Captioned web image data:
──────
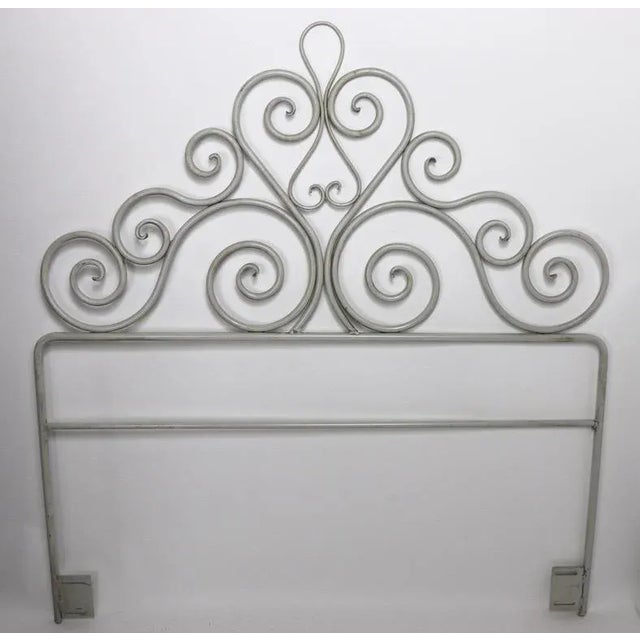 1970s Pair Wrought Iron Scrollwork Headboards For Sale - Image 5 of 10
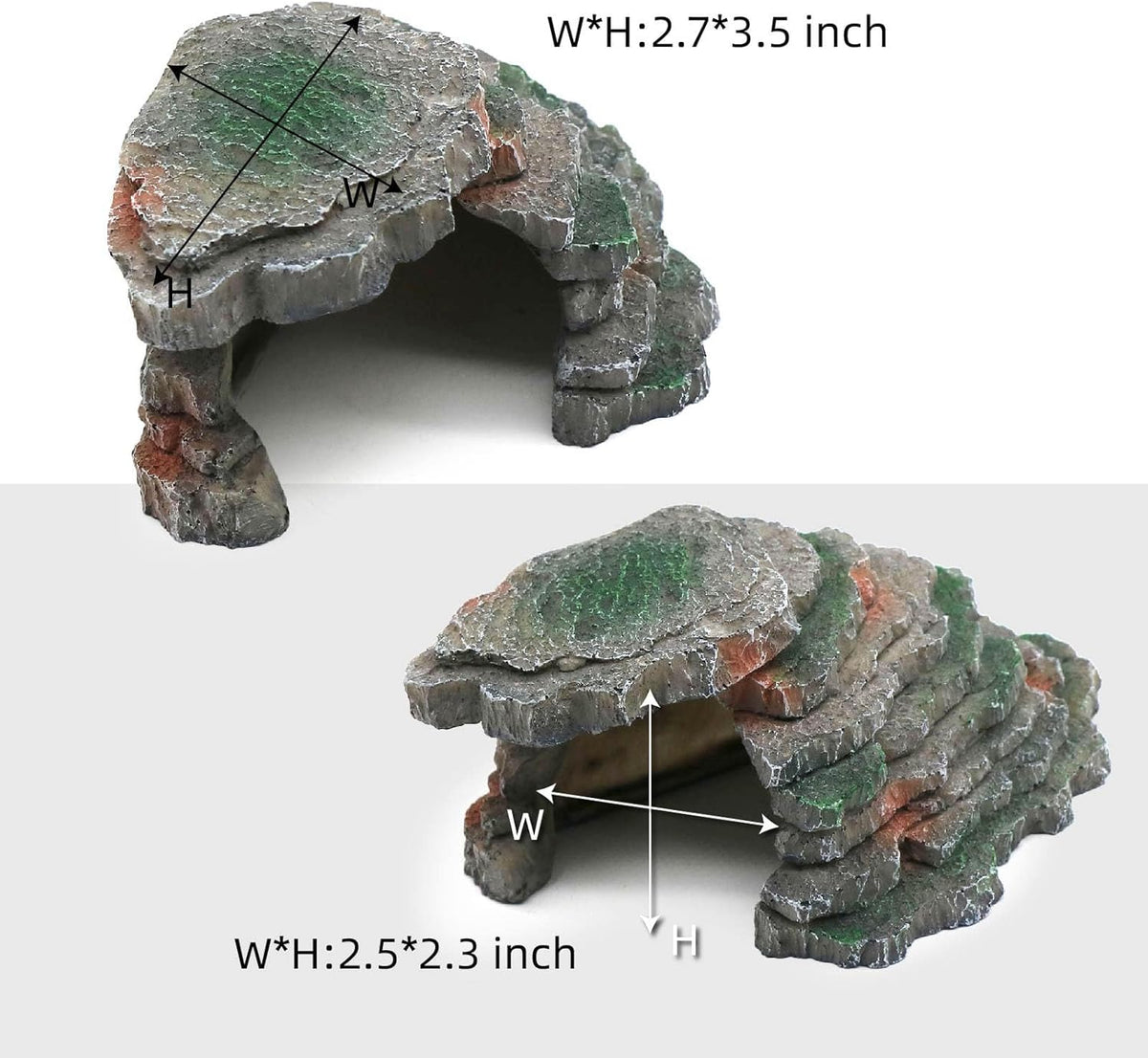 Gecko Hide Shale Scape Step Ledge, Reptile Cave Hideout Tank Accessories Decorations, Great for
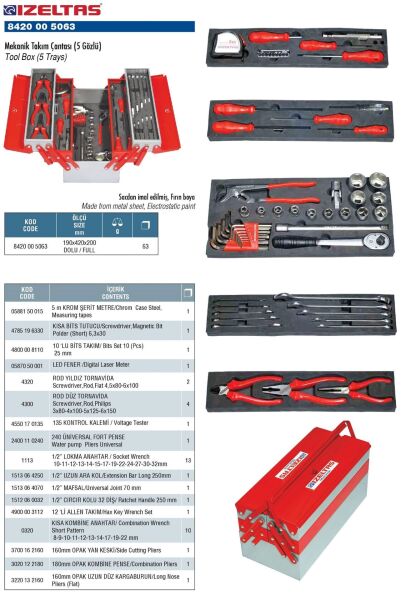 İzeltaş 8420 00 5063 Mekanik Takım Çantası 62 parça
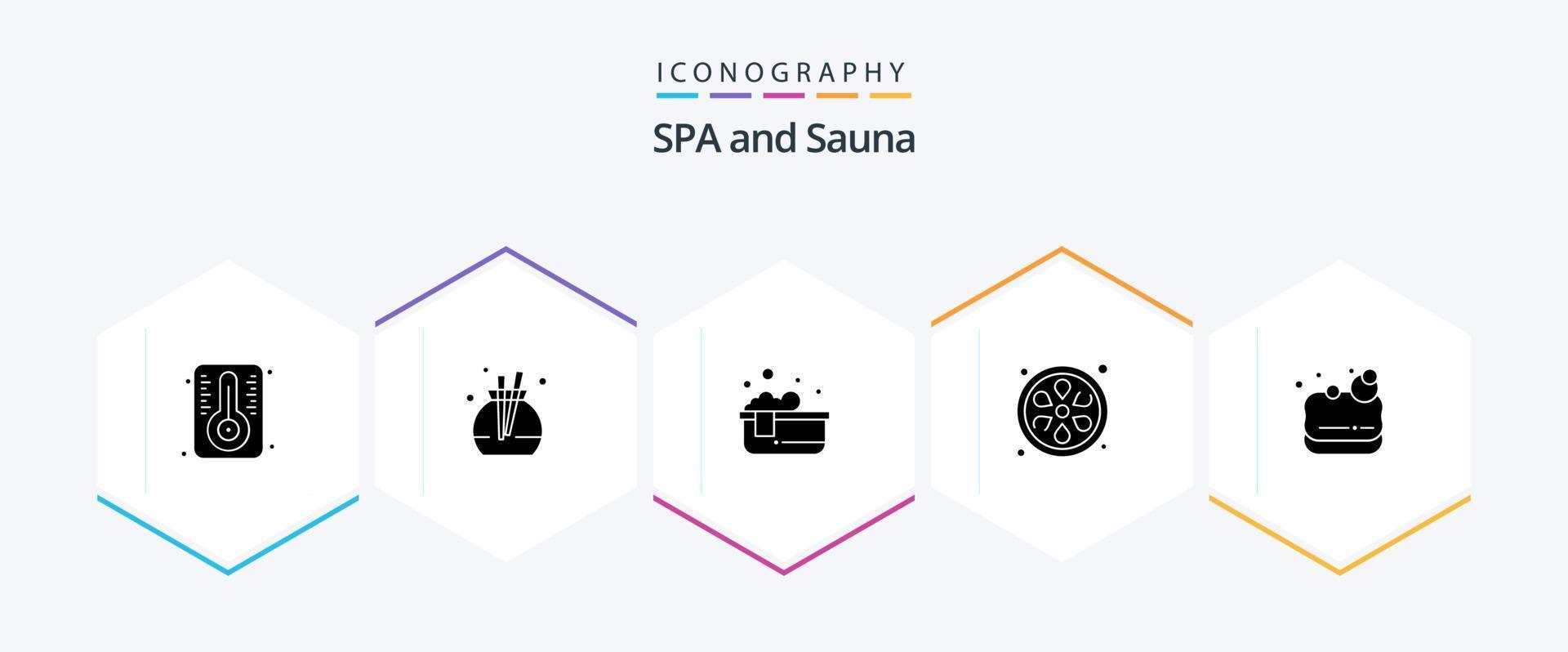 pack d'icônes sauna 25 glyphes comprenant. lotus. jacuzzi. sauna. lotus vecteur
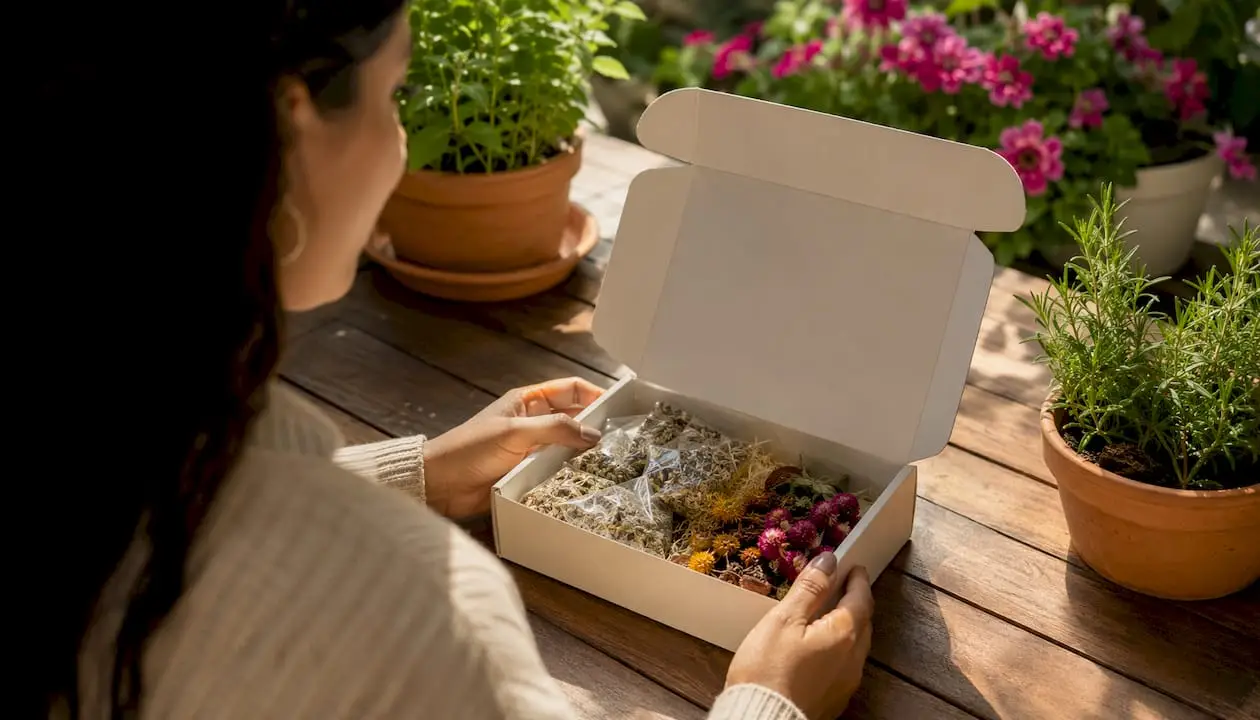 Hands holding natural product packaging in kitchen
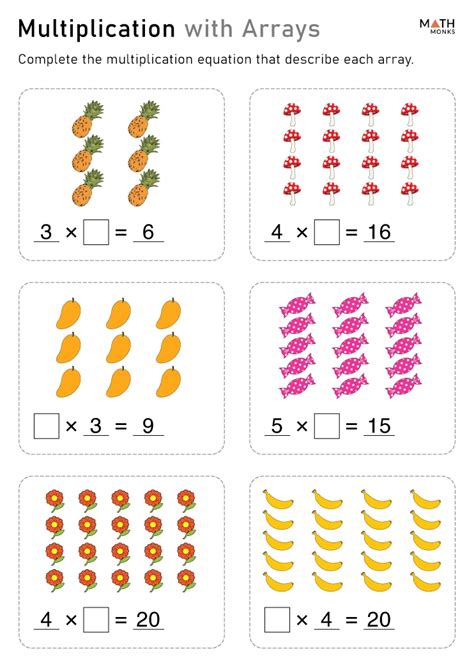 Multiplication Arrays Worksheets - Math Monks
──────
**ABOUT THIS TASK**
Copy the entries exactly. Leave the pictures out.

**PROBLEM SOLUTION**
 1970s Pair Wrought Iron Scrollwork Headboards For Sale - Image 5 of 10
 Gecko Hide Shale Scape Step Ledge, Reptile Cave Hideout Tank Accessories Decorations, Great for
 İzeltaş 8420 00 5063 Mekanik Takım Çantası 62 parça
 pack d'icônes sauna 25 glyphes comprenant. lotus. jacuzzi. sauna. lotus vecteur
 Hands holding natural product packaging in kitchen
 Multiplication Arrays Worksheets - Math Monks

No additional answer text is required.